Ground beef trimmings were treated with Salmonella, E. coli and other pathogens during Dickson’s research. The ammonium hydroxide-treated beef displayed lower levels of pathogens. Further, when the treated beef was mixed with untreated beef, the new mix also displayed lower levels of pathogens.

Dickson’s research was funded by Beef Products Inc., but he says that didn’t influence the findings.

“Some people have said I have a conflict of interest when reporting what I found since BPI paid for my research,” Dickson said. “I didn’t feel any pressure to say or find anything. In fact, BPI was adamant that I publish the findings no matter what I found. That is unusual in this industry. Most companies want you to sign a confidentiality agreement agreeing not to publish anything.”

Ongoing research and public education

“If meat is prepared properly, Salmonella is neutralized,” Marsden noted. “It can be in steaks and roast, not just in ground beef. But if it is all cooked right, it can be managed.

“We need to continue the pre-harvest research to reduce this in cattle. USDA is looking at this from a public health point of view. If we start to see outbreaks associated with drug-resistant Salmonella, USDA will act,” he added.

“People do eat beef less than well-done. They have done a good job educating the public about Salmonella in chicken and pork, but not in beef,” he said.

Loneragan’s lymph-node research was initially funded as part of a Salmonella working group by the National Cattleman’s Beef Association beef check-off program. The check-off program is a producer-funded marketing and research program.

He later received a grant from the USDA Agricultural Research Service, with additional check-off funding for the 2010 study.

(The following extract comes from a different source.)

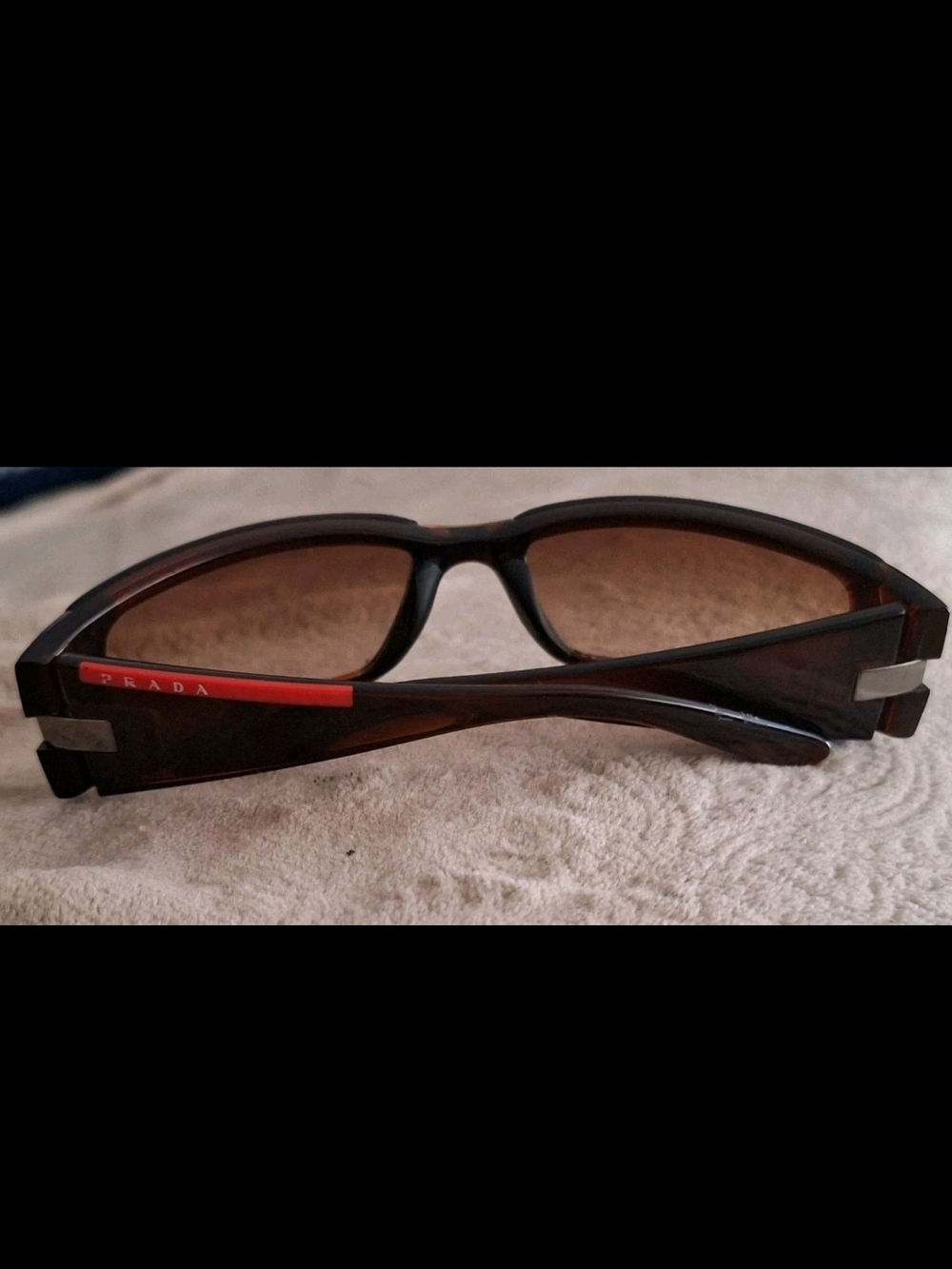 Prada Sport SPS 06E Brown Shield Wrap Sunglasses Made in Italy Authentic Y2k - Picture 5 of 8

The most recent study was funded by a USDA National Institute of Food and Agriculture grant, more beef check-off money and private industry support.

Research on Salmonella in beef is much more recent than E. coli. E. coli was declared an adulterant by USDA in 1993, giving the industry time to study and understand the E. coli transmission and to work on solutions.

“You have to think about where we are at the moment with E. coli, and it is 20 years after a major outbreak,” Loneragan aid. “We are two-and-a-half years into this, and we have already come a long way, but it has been a short time. We have more to learn. We have only just begun to look at the ecology of Salmonella. We need to think about a three-year process to explore this.”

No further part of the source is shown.